→ Exercise description
The expected answer is the data below, printed verbatim without its pictures.

→ Data
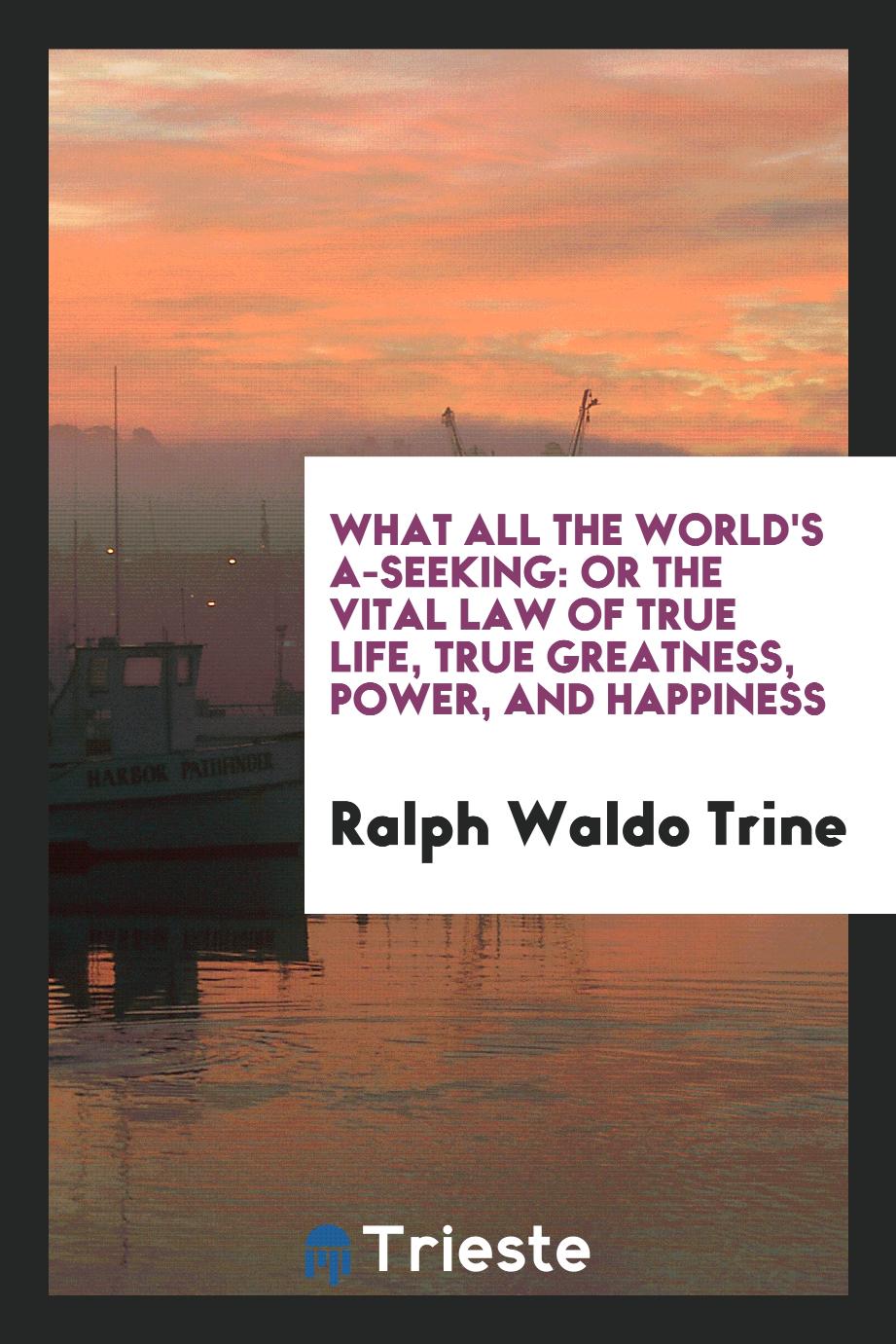 What all the world's a-seeking: or the vital law of true life, true greatness, power, and happiness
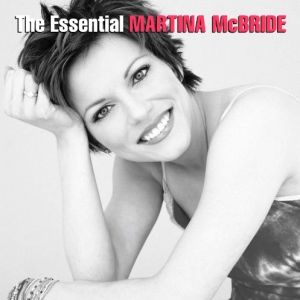 Album The Essential Martina McBride - Martina McBride
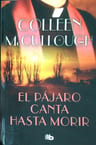 Libro El Pajaro Canta Hasta Morir - Mc Cullough — imagen 2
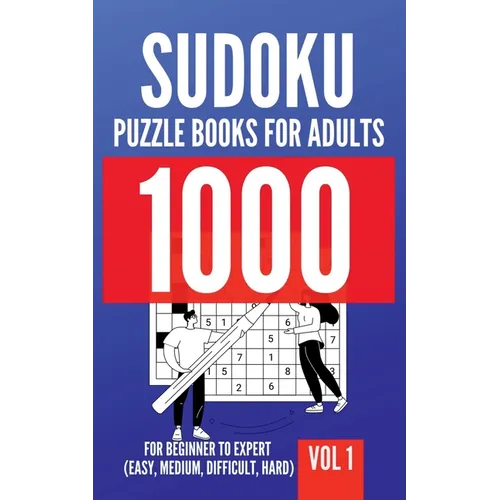 1000 Sudoku Puzzle Books For Adults For Beginner To Expert (Easy, Medium, Difficult, Hard) Vol 1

→ Output for this exercise
 What all the world's a-seeking: or the vital law of true life, true greatness, power, and happiness
 Album The Essential Martina McBride - Martina McBride
 Libro El Pajaro Canta Hasta Morir - Mc Cullough — imagen 2
 1000 Sudoku Puzzle Books For Adults For Beginner To Expert (Easy, Medium, Difficult, Hard) Vol 1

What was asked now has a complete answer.